Hackernews has no DM system – could you shoot me an email if you have a
moment? cbol###ton242#@gmail#.com

------
almightysilence
Watch this video, it might help you:
[https://www.ted.com/talks/emilie_wapnick_why_some_of_us_don_...](https://www.ted.com/talks/emilie_wapnick_why_some_of_us_don_t_have_one_true_calling?utm_campaign=tedspread&utm_medium=referral&utm_source=tedcomshare)

------
sky_projektor
Wish I had an answer to your question. But, you can try living alone in a
jungle & do the necessary things for basic survival, cultivate, hunt, cook,
tailor, etc. Those activities can help you get a new interest in regular
things & after a period of such stay, mundane things would appear interesting
to live for.

------
Tempest1981
There is a big push to pursue your passion, which could become a trap.

Mike Rowe has a different angle: "Don't Pursue Your Passion.
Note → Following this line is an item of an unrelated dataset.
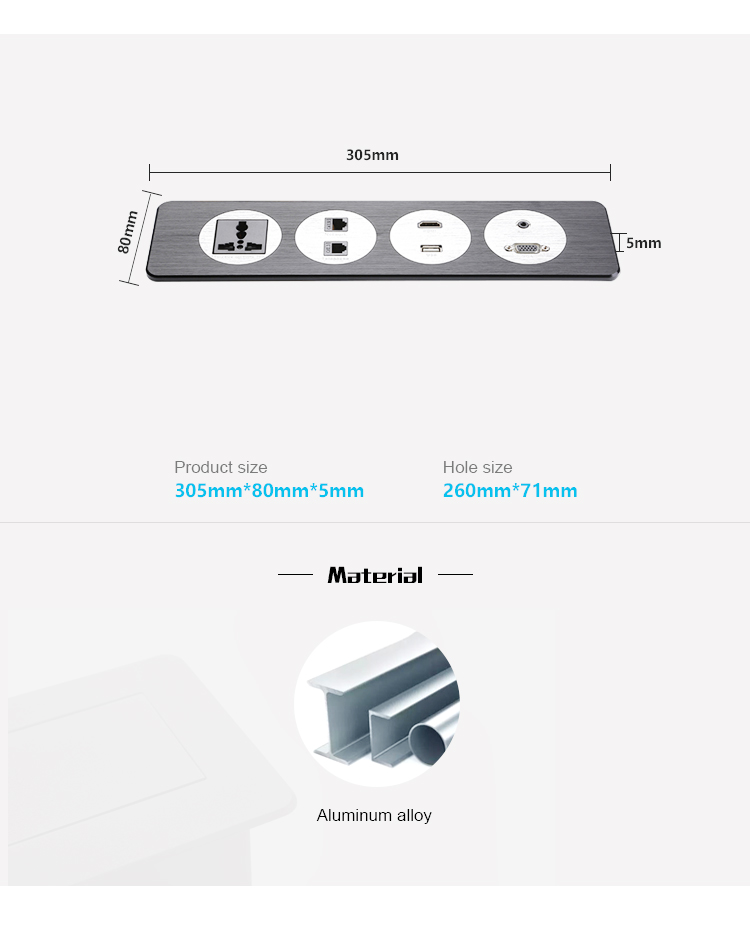 Aluminum Office Desk Power Outlet Socket For Furniture Tabletop Custom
Chase
Opportunity."

[https://m.youtube.com/watch?v=NT1i26RbrhM](https://m.youtube.com/watch?v=NT1i26RbrhM)

Not sure I fully agree, but I appreciate the different perspective

------
downrightmike
I had a guitar teacher who put it like: When you're learning to play a song,
eventually you'll hate playing it, but you need to keep practicing to get
better and get back to liking the song again.

------
werber
Maybe try to pivot into a less technical role, like a developer advocate where
you need to be technologically current, but also have a social teaching-esque
component to your role.

------
martin-adams
What I would do in your situation is start with reading books. If you’re not
into reading, try Audible.

What you mention feels in line with the book Start with Why by Simon Sinek.

------
excitednumber
What do you work on in terms of passion projects?

------
naringas
reflect that on how that is a privelge for a lucky few. practice feeling
grateful about it.

or go on a party binge so your job becomes harder to do, more challenging due
to tiredness.

------
InGodsName
Exploring and making money can be one and the same thing too.

I was exactly feeling like this before i started budiness then i found friends
to take over the boring parts.

------
sys_64738
I recommend you tell your immediate boss that you are bored with work and not
motivated. They'll quickly help you out.